What rules? Pick them, rules of storytelling, rules of filmmaking, rules of editing. The only logic it follows is dream-logic, but who's the one dreaming? I mean, I know Dali & Bunuel had dreams that contributed to the film, Dali dreaming about the hand crawling with ants, Bunuel with the cloud cutting across the moon, but who's the person having the dreams of these sequence of events within the frame of the movie? Of course, that's assuming there's a frame to begin with.
This film begins with a man sharpening a razor blade, and a cloud splicing across a moon, before the man slices the blade across a girl’s eye. (Actually it was a calf’s eye, which, um, better, I guess? [Shrugs]) Then we see a transvestite fall off a bicycle.
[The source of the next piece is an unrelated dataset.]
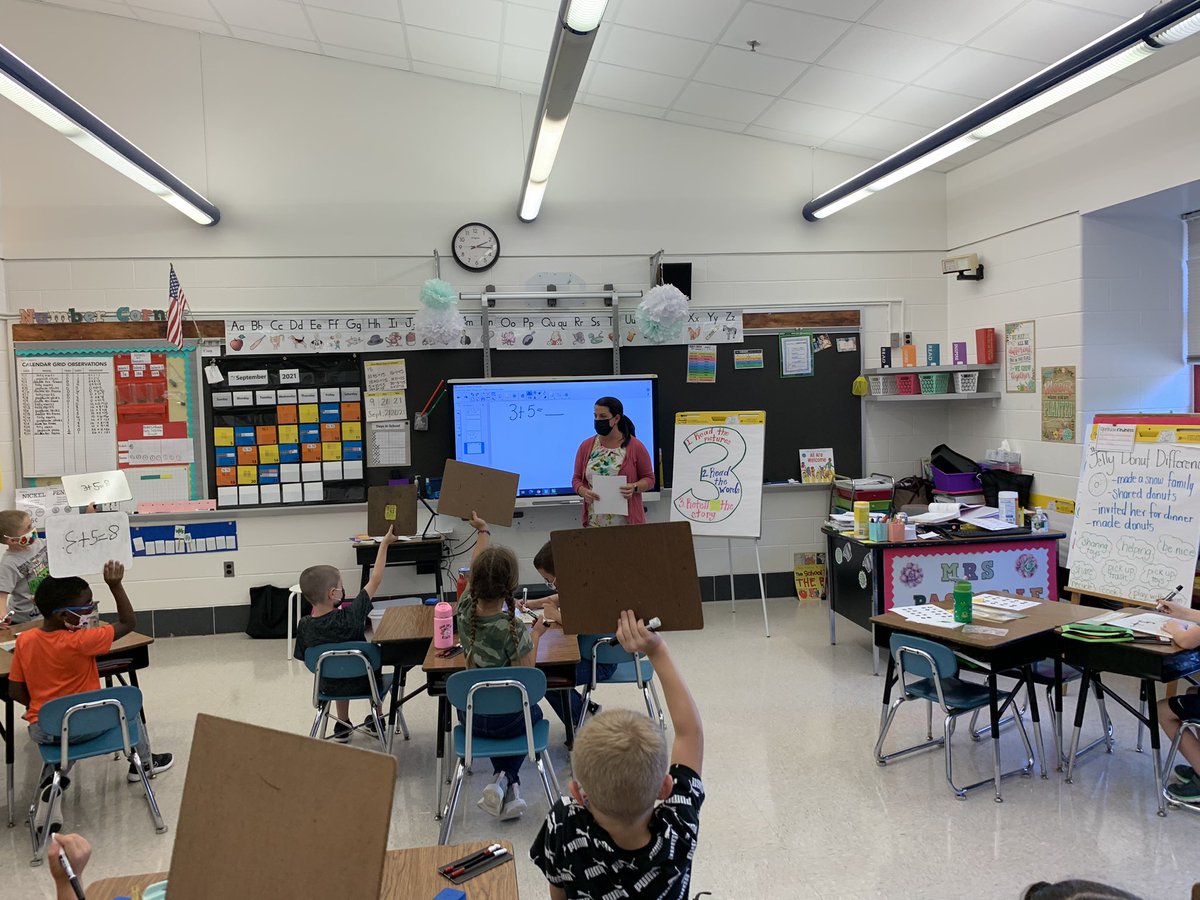 hes_smcps's tweet image. HES Herons in Mrs.  Pasquale’s 1st grade classroom showing their work during math time.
A girl, who was reading about Vermeer sees the transvestive and helps him up to her apartment, (Assuming any two scenes are actually in any remote way connected to each other to begin with, which is at most a stretch.) . Then she's seen sorting ties and collecting men's clothing. The transvestite is now in the room with her and stares at his hand, which has a hole with ants coming in and out it and crawling all up and down his hand. Then there's a severed hand on the street that's being picked at by a cane by a man, or a woman, and now there's a crowd. An officer helps the woman collect her severed hand and puts it back into her, box that looks like the tie box the woman at the window had earlier. Then she stands in the street until a car runs over her. Now, the Girl in the room defends herself against the Transvestite, I think, who's now a man with ants in his hands, I think, who’s just groped the hell out of her breasts (silent film rape, maybe, I guess?).while fantasizing about, her being naked and feeling her up...? He then chases her around the room before she defends herself against him with, I think a racquet of some kind. He then tries attacking her again but is slowed down by dragging a piano with two dead donkeys, two stones tablets (presuming the Ten Commandments), and two priests on his back.
And then it gets weird.
Mostly though, "Un Chien Andalou" exists best to be used, the way my teacher used it, just to show others in order to freak them the fuck out.